2025年6月7日原文(alloc.dev)

概要

Zig言語 は低レベル最適化に非常に適している点を解説。 comptime によるコンパイル時実行の強力さを実例とともに紹介。 最適化 の重要性とコンパイラを信頼する際の注意点を整理。 高水準言語 と低水準言語のパフォーマンス差の本質を説明。 comptime とマクロの違い、Zigの設計上の特徴にも言及。

Zigによる最適化の魅力

  • 最適化 は現代でも重要なテーマであり、パフォーマンス向上やコスト削減、システムのシンプル化に寄与。
  • Zig は低レベルな意図を明示的に記述できるため、コンパイラが最適な変換を施しやすい特徴。
  • 高水準言語 は抽象化のために意図が曖昧になりがちで、コンパイラが最適化しづらい傾向。
  • 低水準言語 は型やアラインメント、エイリアス情報などを明示でき、より効率的なコード生成が可能。
  • Zig はRustと同等レベルのアセンブリを生成できるが、アノテーションがないとRustのほうが有利な場合も。

コンパイラへの信頼と限界

  • コンパイラ最適化 は進化しているものの、常に最良のコードを生成するとは限らない。
  • LLVM などのバックエンドは強力だが、開発者が意図を明確に伝えることでさらに最適化できる余地。
  • 最適化のためには、コードを調整したり、場合によってはインラインアセンブリを使う必要も。

Zigのcomptimeとは

  • comptime はZigのコンパイル時コード実行機能で、定数生成や型生成、条件分岐などが実現可能。
  • comptime はメタプログラミングの一種で、C++のconstexprやRustのマクロよりも直感的に使える設計。
  • comptime はほぼ全てのZigコードをコンパイル時に実行でき、型のリフレクションやジェネリクスもサポート。
  • comptime はASTの直接操作やトークンペーストのようなマクロ的機能は持たないが、DSL構築などは可能。

comptimeとマクロの違い

  • comptime は通常コードとして記述・実行されるため、言語仕様に馴染みやすい。
  • マクロ はASTやソースコードそのものを操作できるが、可読性や保守性に課題。
  • Zig は可読性重視で、マクロのようなスコープ外変数生成やトークンペーストは意図的に排除。

comptimeによる最適化例

  • comptime を使うことで、例えば文字列比較関数の最適化が可能。
    • 一方の文字列がコンパイル時に既知の場合、より効率的なアセンブリコード生成が可能。
    • SIMDやブロック比較による高速化もcomptime情報を活用して実現。
  • comptime の利用例
    • DSLの構築(print関数のフォーマット解析など)

    • 完全ハッシュ関数生成

    • ASTパーサの構築

    • 参考リソース

      • String Matching based on Compile Time Perfect Hashing in Zig - Andrew Kelley
      • What is Zig's Comptime? - Loris Cro
      • Things Zig comptime Won’t Do - matklad
      • Zig Comptime - WTF is Comptime (and Inline) - Ed Yu
      • Comptime - Zig Language Reference
      • Comptime - zig.guide

まとめ:Zigでの最適化の新しい可能性

  • Zig は低レベルな最適化を追求する開発者にとって、強力な武器となる言語。
  • comptime の直感的な記述とパワフルな最適化能力は、C++やRustの既存手法にない体験を提供。
  • パフォーマンス重視 のソフトウェア開発において、Zigは新しい選択肢として注目。

Hackerたちの意見

Zigの冗長さが好きなんだ。
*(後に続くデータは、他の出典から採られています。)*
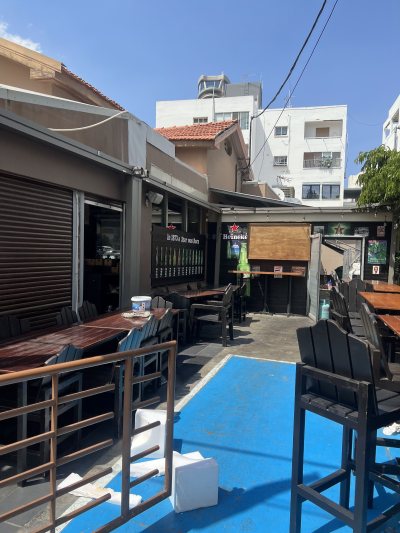 Moondog's Bar & Grill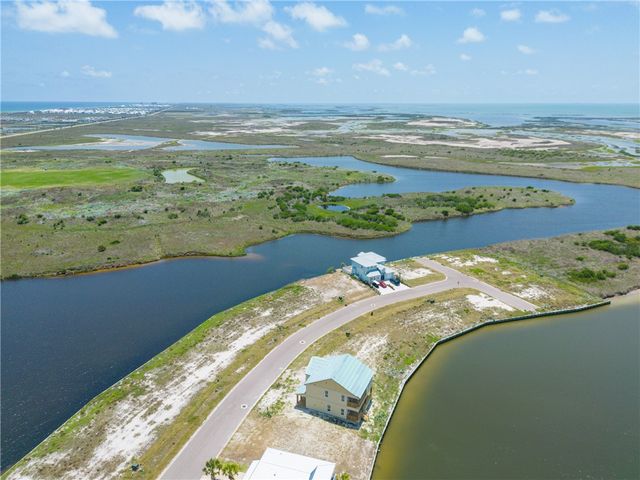 152 Laguna Isles Dr, Port Aransas, TX 78373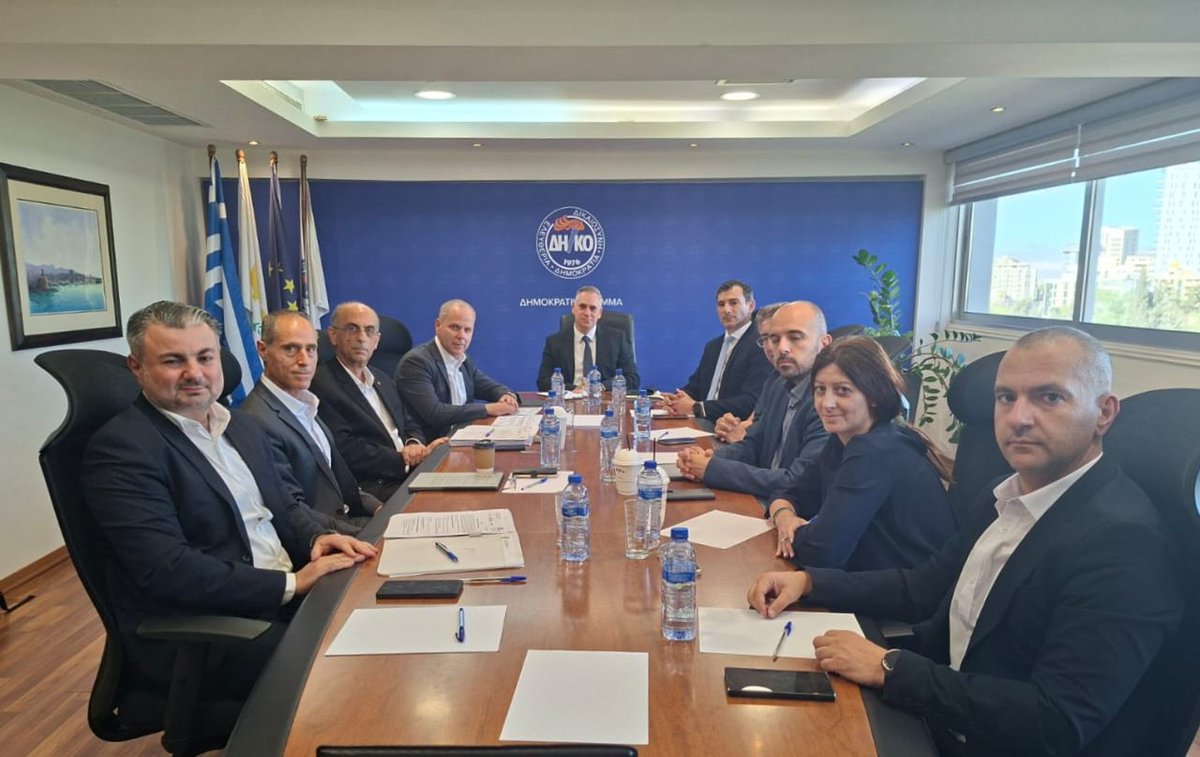 Michalis Antoniou (@oebdg) on Twitter photo Κλιμάκιο της ηγεσίας της <a href="/OEBcy/">Ομοσπονδία Εργοδοτών & Βιομηχάνων - OEB</a> υπό τον Πρόεδρο της Γιώργο Παντελίδη και τον Ά Αντιπρόεδρο <a href="/DemetrisVakis/">Demetris Vakis</a>, είχε συνάντηση εργασίας με το οικονομικό επιτελείο του <a href="/DIKO1976/">ΔΗΚΟ</a> υπό τον Πρόεδρο <a href="/NicholasPapadop/">Νικόλας Παπαδόπουλος</a>, με βασική ατζέντα τη φορολογική μεταρρύθμιση, το συνταξιοδοτικό & την ΑΤΑ. Κλιμάκιο της ηγεσίας της <a href="/OEBcy/">Ομοσπονδία Εργοδοτών & Βιομηχάνων - OEB</a> υπό τον Πρόεδρο της Γιώργο Παντελίδη και τον Ά Αντιπρόεδρο <a href="/DemetrisVakis/">Demetris Vakis</a>, είχε συνάντηση εργασίας με το οικονομικό επιτελείο του <a href="/DIKO1976/">ΔΗΚΟ</a> υπό τον Πρόεδρο <a href="/NicholasPapadop/">Νικόλας Παπαδόπουλος</a>, με βασική ατζέντα τη φορολογική μεταρρύθμιση, το συνταξιοδοτικό & την ΑΤΑ.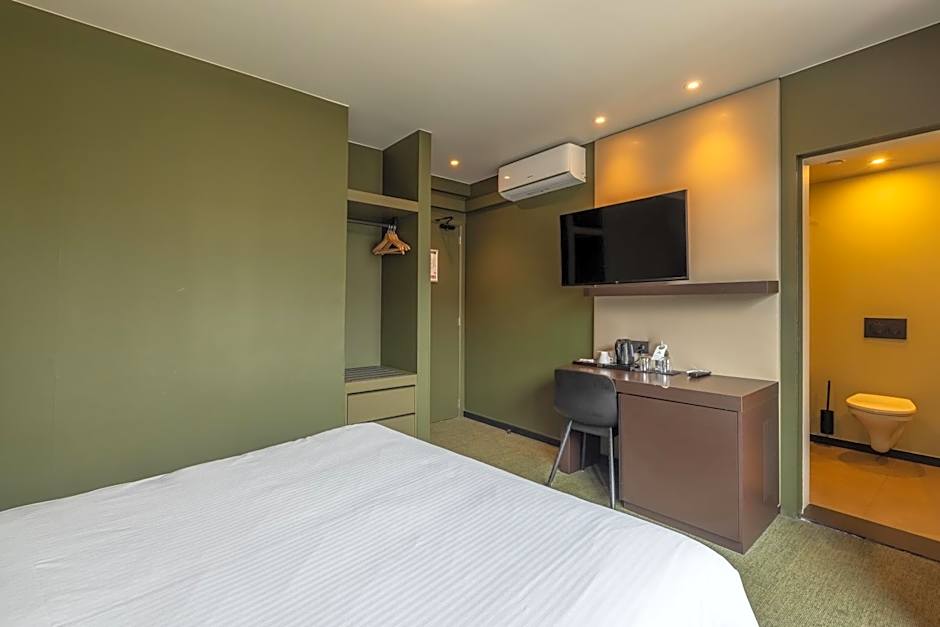 Green Hotel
私もZigが好きだけど、これはちょっとおかしい気がする :) 例えば、Cは確かにいろんなところで雑すぎるけど、Zigは(今のところ)逆に行き過ぎて、特に数学の式での明示的な整数キャストに関して「注釈ノイズ」が多すぎるかもね(これについてはここに少し書いたよ: https://floooh.github.io/2024/08/24/zig-and-emulators.html)。パフォーマンスに関して言えば、私の経験ではZigのコードが似たようなCのコードより速いのは、ZigのLLVM最適化設定がより攻撃的だからだと思う(例えば、Zigはデフォルトで-march=nativeでコンパイルし、全プログラム最適化を行うから、プロジェクト内のすべてのZigコードが一つのコンパイルユニットとしてコンパイルされる)。Cでも「到達不能」を最適化ヒントとして使う「トリック」はほとんど可能だけど、時には非標準の言語拡張を使わないといけないこともある。Cのコンパイラ(特にClang)は定数折りたたみにも非常に攻撃的で、深いコールスタックがあっても大きな定数折りたたみ可能なコードの部分を減らすことができるから、最終的にはコード生成に関してZigのコンパイル時間とあまり違いがないことが多いんだ(コンパイル時間の良いところは、もちろんランタイムコードに静かにフォールバックしないことだし、非コンパイル時間のコードもCと同じ定数折りたたみ最適化の影響を受けるからね。例えば、「純粋な」非コンパイル時間関数が定数引数で呼ばれた場合、コンパイラはその関数呼び出しを結果で置き換える)。要するに、CのコードがZigのコードより遅いなら、Cコンパイラの設定を確認してみて。結局、最適化の重労働はLLVMの中で行われてるからね :)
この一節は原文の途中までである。